Kami mulai terpisah-pisah. Saya masih ada di deretan paling belakang sembari menetapkan ritme berjalan supaya teratur dan tidak mudah capek. Tiap 20 langkah, istirahat sebentar. Dan tiap 60 langkah istirahat lama dengan duduk. Track dari Kelik-Mahameru ini benar-benar didominasi pasir kasar dengan kualitas yang sangat bagus. Ketika kita jalan 3 langkah, kenyataannya hanya jalan 1-2 langkah. Tergantung pintar-pintarnya kita menjejakkan kaki di pasir. Untuk menghindari kemerosotan yang mendalam, saya memilih track bekas injakan orang lain. Lebih efektif, tapi lebih capek juga ketika langkah kaki yang kita ikuti terlalu besar atau kekecilan.

Langit mulai terang, sementara saya masih ada di sepertiga perjalanan. Waktu sudah menunjukkan sekitar pukul 05.00. Berkali-kali saya berhenti sejenak setelah 60 langkah, kemudian ketiduran cukup lama, sampai hampir jatuh, lalu bangun, lalu lanjut lagi. Suatu hal yang menguntungkan kami adalah tidak ada awan yang menyelimuti bukit. Suhunya relatif hangat dan tidak ada halangan pandangan.
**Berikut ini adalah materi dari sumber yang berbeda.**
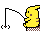 Animated Pocket Pikachu 2 Image - Fishing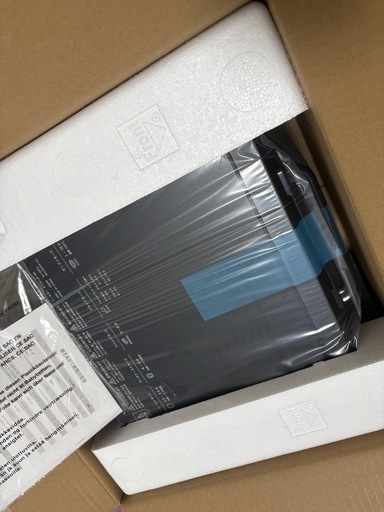 【新品未使用】バリュミューダ リベイカー ブラックBALUMUDA Rebaker Black KTT01JP_BK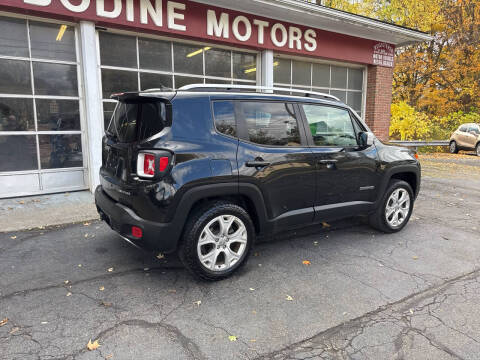 2016 Jeep Renegade Limited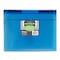 C-Line Products Expanding File Folder, 13-Pocket, Hanging Tabs, Bright Blue, 3PK 58215 - alternate 4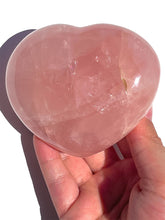 Load image into Gallery viewer, Large Star Rose Quartz Heart NEW!
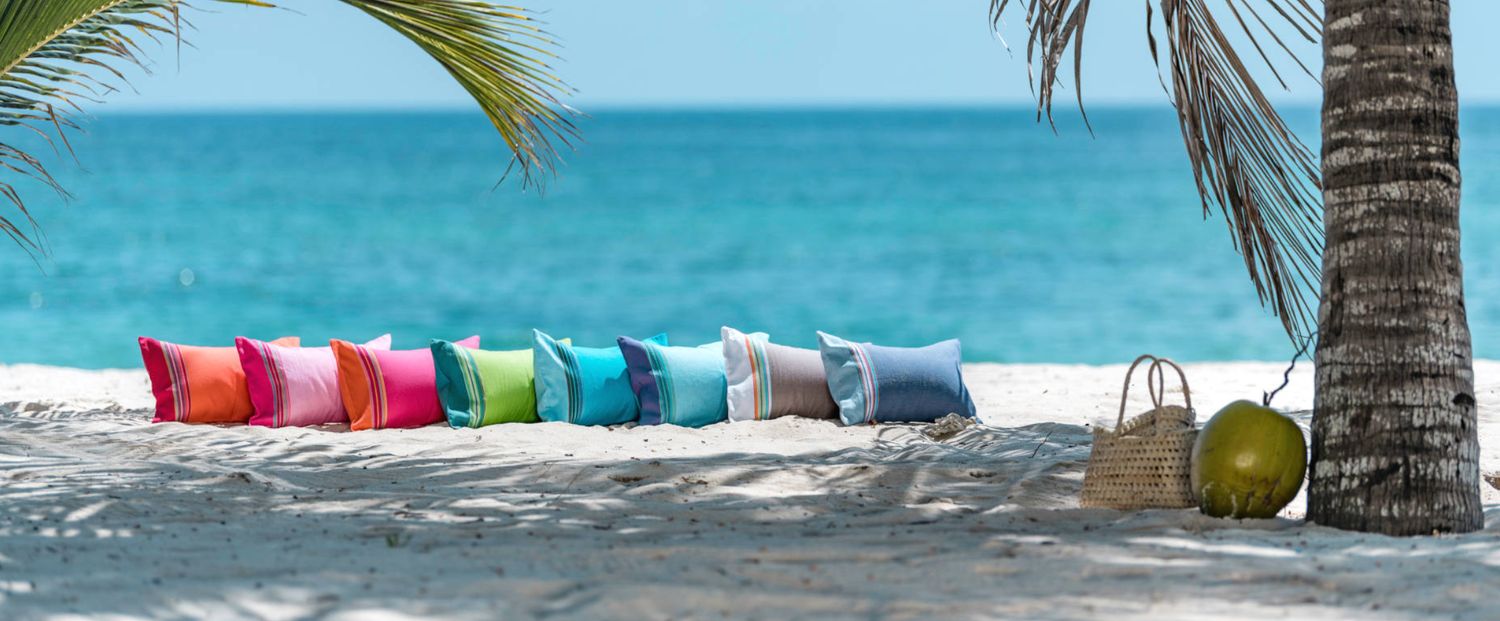 Coussin gonflable  Simone et Georges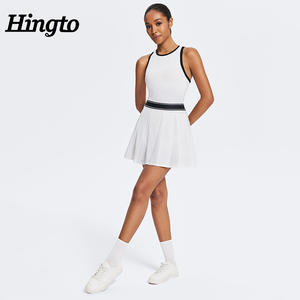 网球服批发网球服厂家高尔夫运动服泡菜服网球服配短裤高尔夫服女 - Product Image 4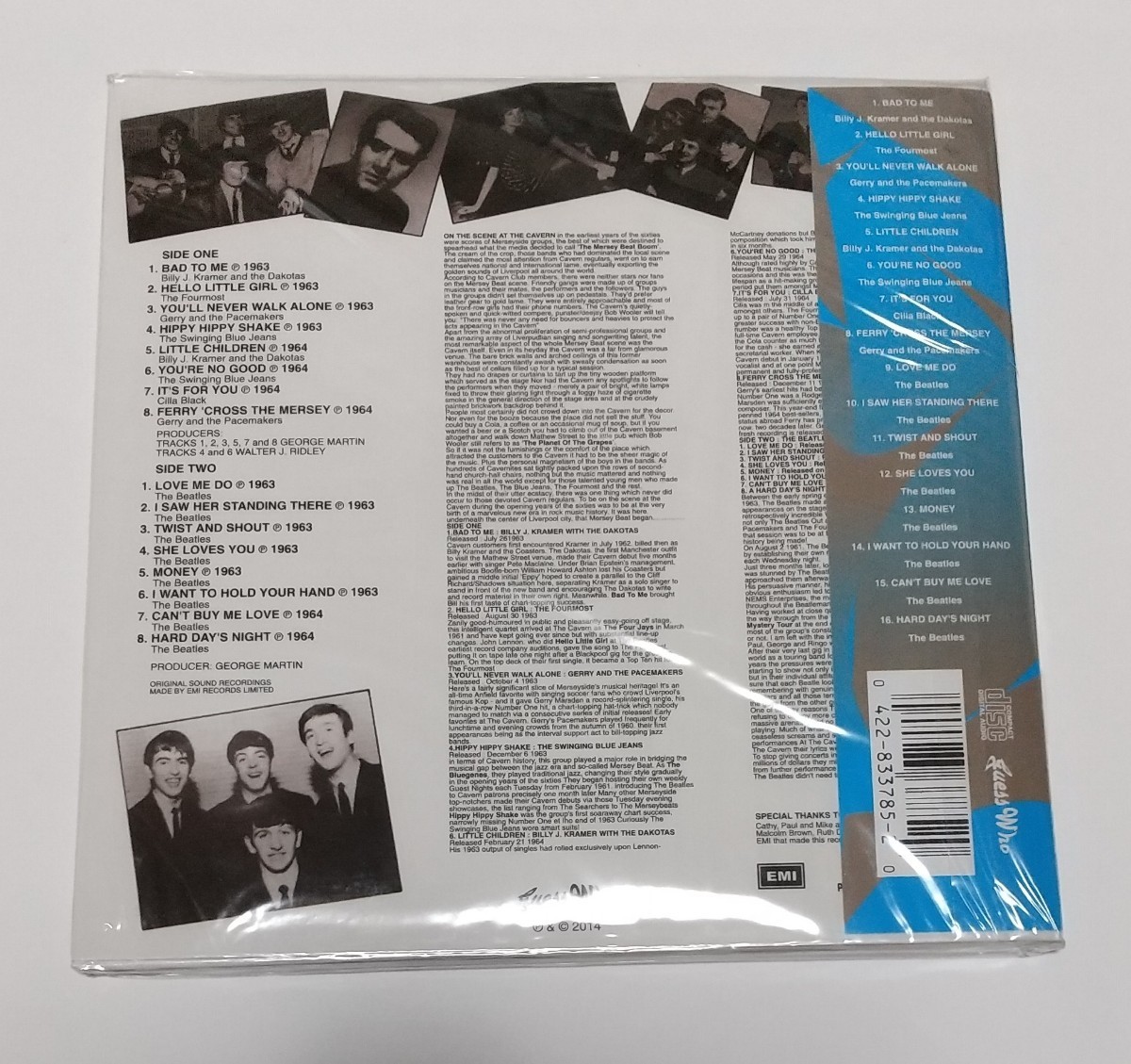 Paypayフリマ Cd未開封輸入盤リプロ盤 紙ジャケ Tribute To The Cavern Beatles ビートルズ キャバーン Paypayフリマ Cd未開封輸入盤リプロ盤 紙ジャケ Tribute To The Cavern Beatles ビートルズ キャバーン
Sampai setengah perjalanan menuju Mahameru, saya beristirahat sejenak. Tandem naik saya, Falah, masih ada di atas saya dan masih tertidur sambil terduduk. Ayu dan rekan-rekan lain masih dibawah, istirahat karena kelelahan. Sayapun duduk sambil mainan pasir. Tiba-tiba dari bawah ada orang teriak-teriak histeris ke arah saya, katanya “Awas mas ada batu besar dari atas mas! Minggir mas, minggir!” Saya menoleh ke belakang. Ternyata ada orang yang barusan turun dari puncak menendang batu lumayan besar, seukuran kepala manusia. Saya Cuma melihat batu itu menggelinding, tanpa menghindari sedikitpun batu yang menggelinding bebas tadi (karena saya yakin nggak mungkin tiba-tiba batunya belok) dan meminta orang dibawah saya hati-hati.
Karena takut kejatuhan batu lagi, saya bergerak naik ke atas lagi. Perjalanan tinggal sebentaaaarrr lagi sampai puncak. Setelah 120 langkah, saya istirahat lagi. Dari belakang saya melaju seorang laki-laki dengan cepat dan kondisi masih segar sekali.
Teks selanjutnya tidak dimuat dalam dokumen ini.